3.1. Energy dispersive X-ray spectra
The energy dispersive X-ray, EDX, spectra of pure ZCO nanoparticles is shown Fig. 1a. The existence of zinc, cobalt and oxygen in the prepared sample confirms the probability of creating ZnCo2O4. Also, the absence of other elements than Zn, Co and O confirms the purity of the material. In the case of Cd doped ZCO, the intensity of the Cd peak reflected depending upon Cd ratio. The peak intensity increases with Cd dopant as 0.25, 0.75, and 1.00 ratios as shown in Fig. 1(b–d).
3.2 Scanning electron microscope (SEM)
SEM images of CdxZn1-xCo2O4 are shown in Fig. 2. Sample of ZCO (Fig. 2a) shows agglomerates of nanoparticles of high concentration with irregular shape and sizes. For Cd doped ZCO samples (Fig. 2b, c), the cubic crystal structure of the nanoparticles becomes clearly demonstrated. While for the CdCo2O4 sample, the morphology is changed into the non-uniform shaped agglomerated nanoparticle as shown in Fig. 2d.

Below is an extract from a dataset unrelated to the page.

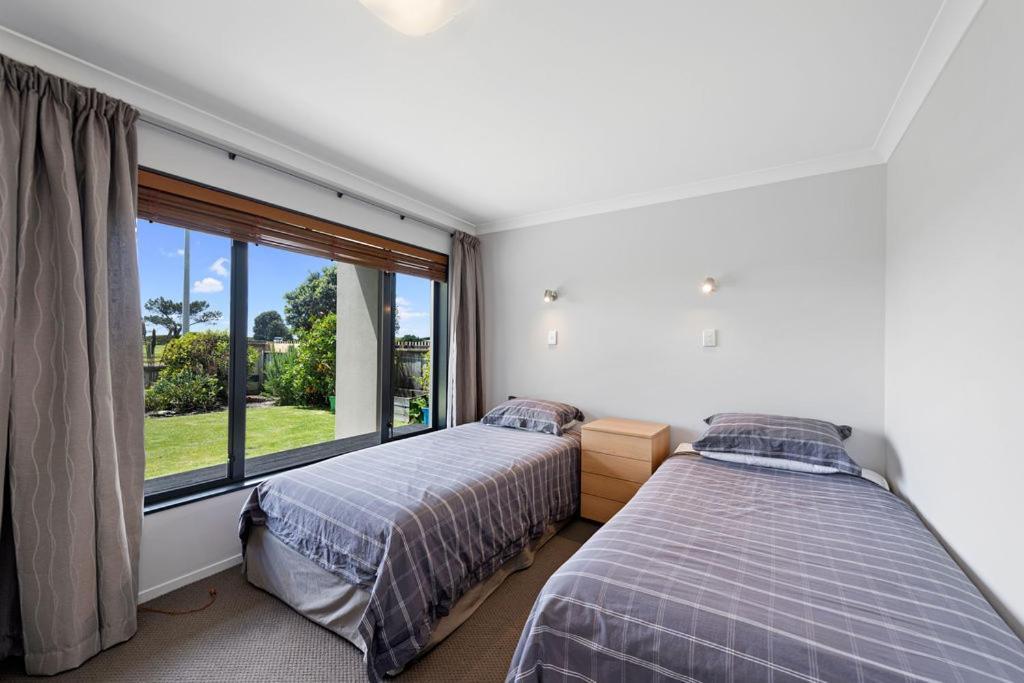 The Sandcastle - Papamoa Holiday Apartment ภายนอก รูปภาพ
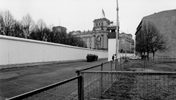 Die Berliner Mauer am Reichstagsgebäude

3.3 X-ray diffraction analysis
X-ray diffraction patterns of undoped ZnCo2O4 and Cd doped
samples are shown in Fig. 3. It is found that the observed diffraction data are consistent with the JCPDS file (file no. 23-1390) in the range from 10° to 80° confirming the formation of cubic ZnCo2O4 single phase. For the Cd doped samples, the lack of any additional peak indicates the Cd dopant is incorporated in the structure of spinel ZnCo2O4. A good crystallinity of the ZnCo2O4 and its dopants samples are indicated by the sharpness and strong peaks.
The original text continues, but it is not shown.